# NYC and sleeping rough



## krynitz (Dec 30, 2016)

I'm curious about various aspects of sleeping rough in NYC in winter. I'm not one for cold and roughing it in cities as big as NYC always puts me on edge, the two combined appears nightmarish.

Has anyone here gone through it?
Are there particular spots that are dry, warmer?
Are there established spots where people go to sleep out?
Are there any spots people camp out without too much hassle?

Alternatively, what's the squatting scene like in NYC? What's the crust-life scene like?

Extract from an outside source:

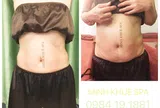 Phương pháp giảm mỡ bụng nhanh chóng, hiệu quả, đảm bảo mỡ thừa không quay lại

I'm likely to not be in this situation, and would also post on the crustsurfing board if I did end up on the streets. I'm heading over in a few hours and will be there for a week - as it stands, I'm presumably bouncing from couch to couch but, of course, my friends decide to go AWOL just the few days before my arrival so it got me wondering.

There must be plenty of good dumpster diving spots or handouts around as well? Can support myself somewhat for that week, but there's upcoming weeks to think about and I'd much rather profit on waste than waste what I can profit from!

How about busking spots?
Last I was there, there's lots of competition and, not knowing my way around, didn't quite figure out where I can make this work best. Can I just ride the metro and play (legally), pass the hat around?
Illegally - get much hassle? Is it even worth it?
All this considering the cold...

Same goes for sign-flying assuming busking fails.


----------



## Applelatchun (Dec 30, 2016)

Sounds like maybe you're there because of the New Year's Eve party? If so, that would be totally cool. However, after the party is over, I'd say get the hell out of NYC and hit somewhere warmer. As you mentioned, the competition will be rough, not to mention winter is fast approaching and most people will be running to seek shelter, not having much time for the hand outs.


----------



## krynitz (Dec 30, 2016)

New Years is slightly coincidental. A week after New Years, a friend has a flat booked up and I'm being flown in to spend time with her before her departure back to Europe. The week before will be the NY's party and seeing the other friends. The questions mostly rise from wondering what happens if my friends living there flake out.

No doubt, as soon as I'm done with my catch up, then yes. I'm out for sure. To warmer pastures whether there's competition or not.


----------